:: Data extracts

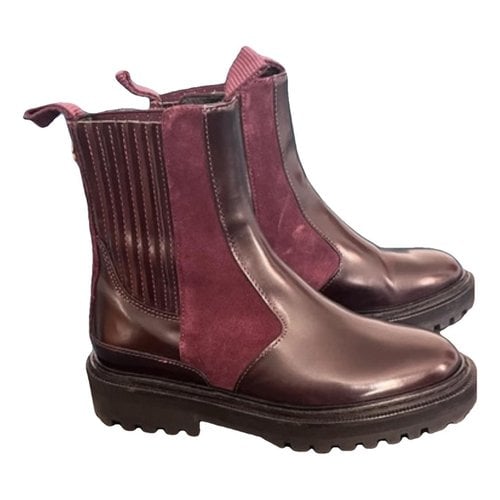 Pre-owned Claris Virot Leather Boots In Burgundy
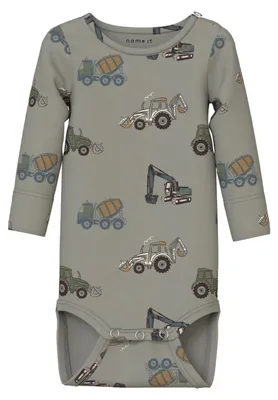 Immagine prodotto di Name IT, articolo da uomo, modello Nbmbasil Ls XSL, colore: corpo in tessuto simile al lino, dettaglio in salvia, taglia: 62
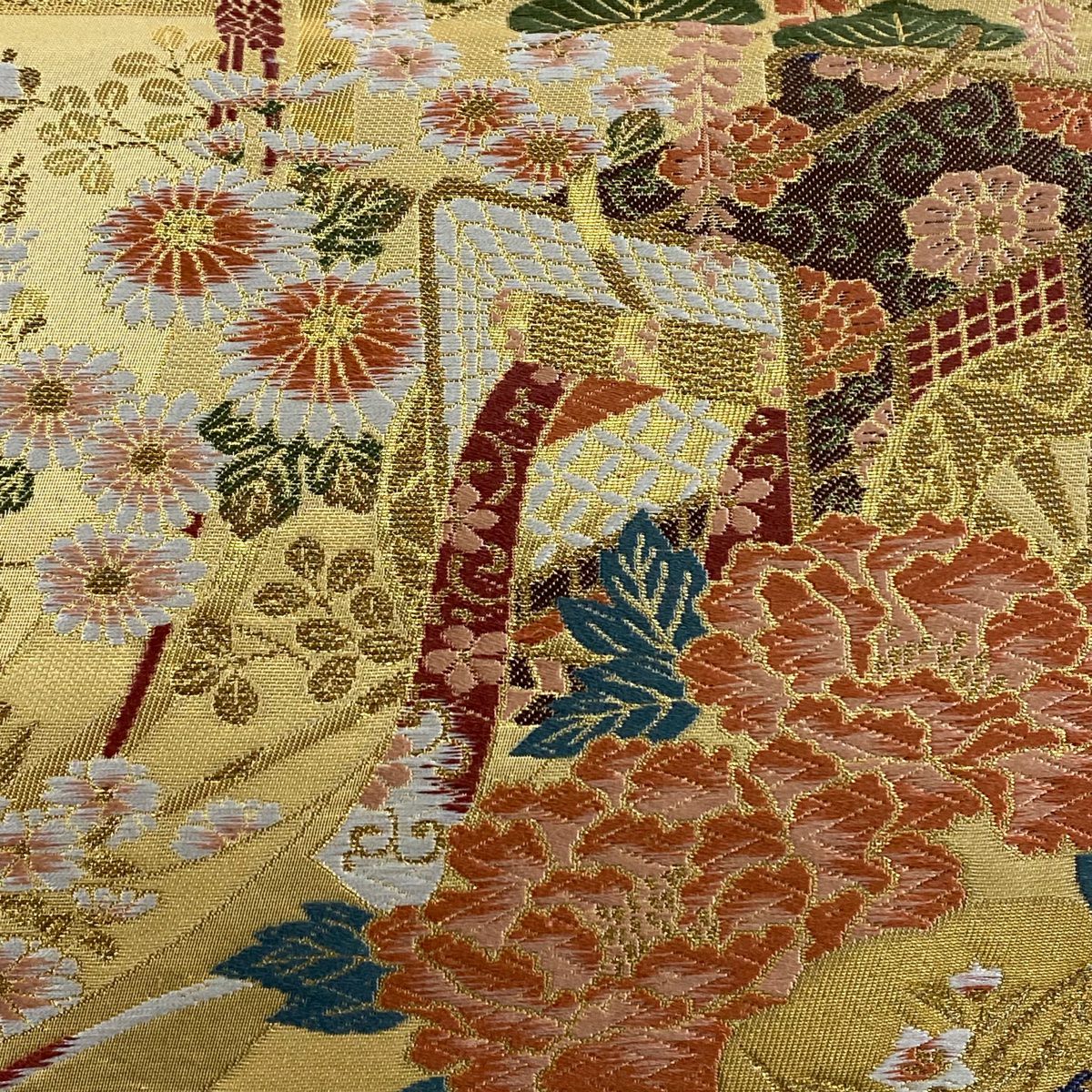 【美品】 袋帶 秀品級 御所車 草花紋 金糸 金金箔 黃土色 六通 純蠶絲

::::
:: Data extracts

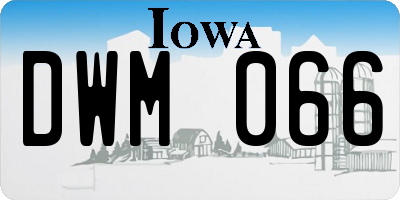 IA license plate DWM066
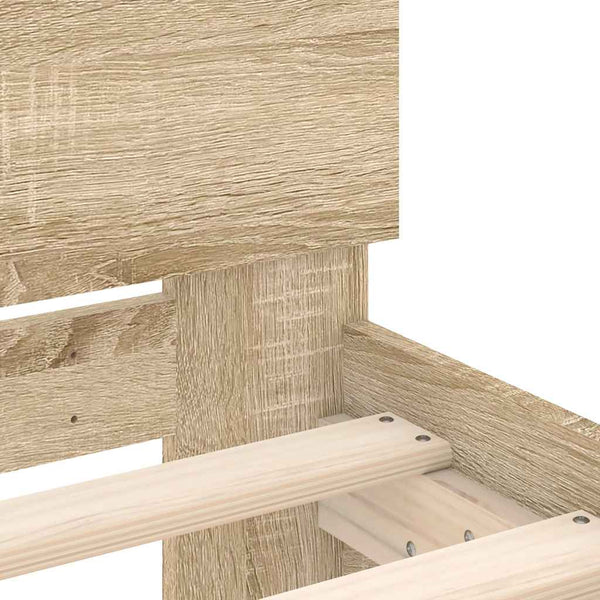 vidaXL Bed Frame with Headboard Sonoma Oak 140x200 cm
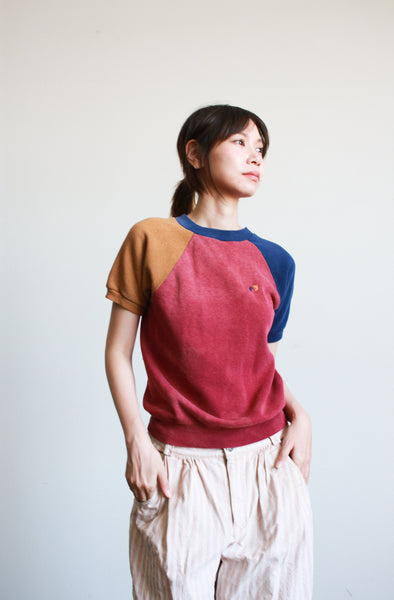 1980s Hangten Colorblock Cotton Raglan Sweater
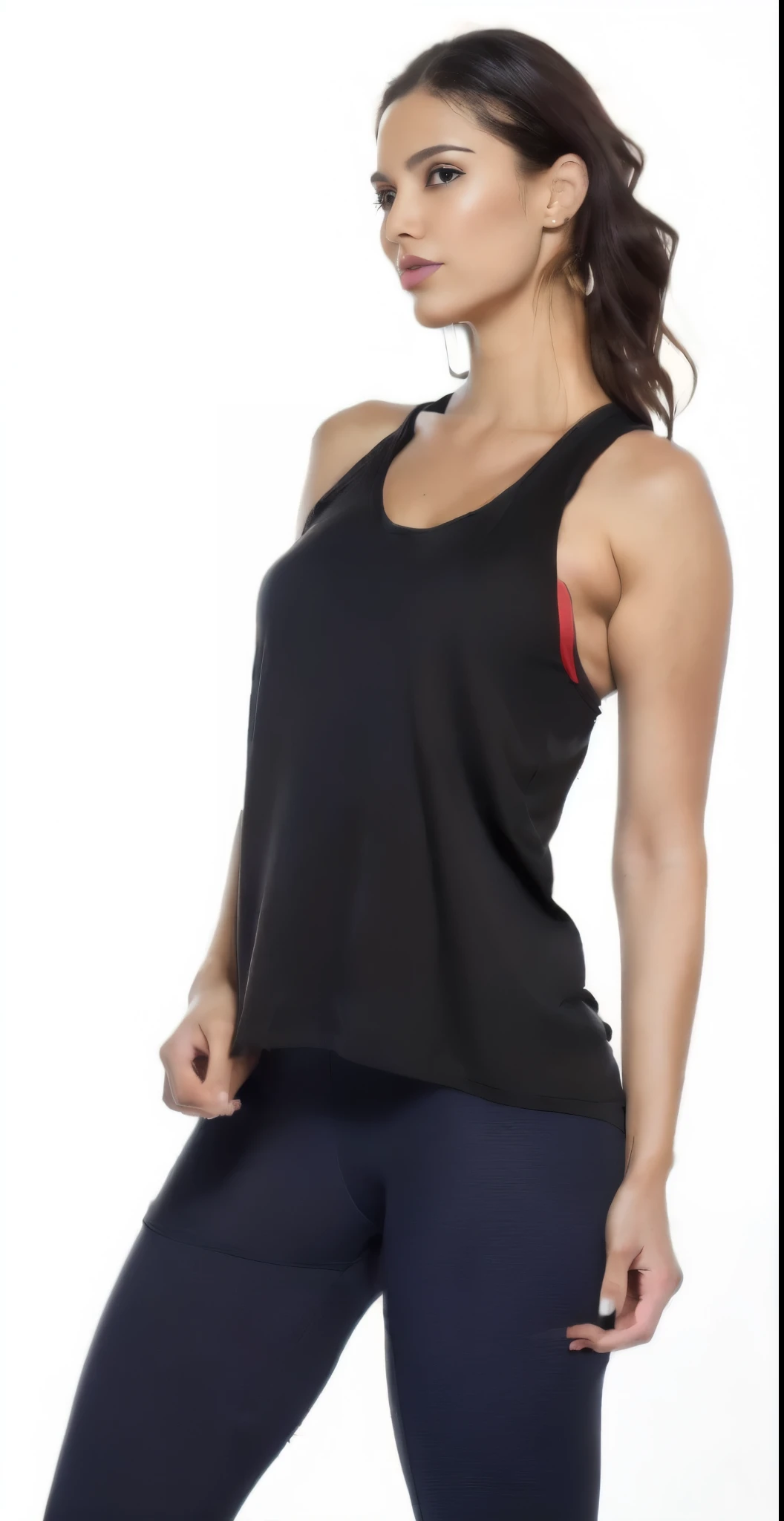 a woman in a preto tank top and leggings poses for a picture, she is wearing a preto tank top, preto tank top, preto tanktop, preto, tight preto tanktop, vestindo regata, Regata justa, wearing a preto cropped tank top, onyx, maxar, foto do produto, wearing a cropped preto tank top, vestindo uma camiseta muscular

::::

- Work required
All that should appear in the answer is the lines above from the line with "Pre-owned Claris Virot" through the line with "金金箔 黃土色 六通 純蠶絲", retyped exactly, pictures left out.

- Solution for this problem
 Pre-owned Claris Virot Leather Boots In Burgundy
 Immagine prodotto di Name IT, articolo da uomo, modello Nbmbasil Ls XSL, colore: corpo in tessuto simile al lino, dettaglio in salvia, taglia: 62
 【美品】 袋帶 秀品級 御所車 草花紋 金糸 金金箔 黃土色 六通 純蠶絲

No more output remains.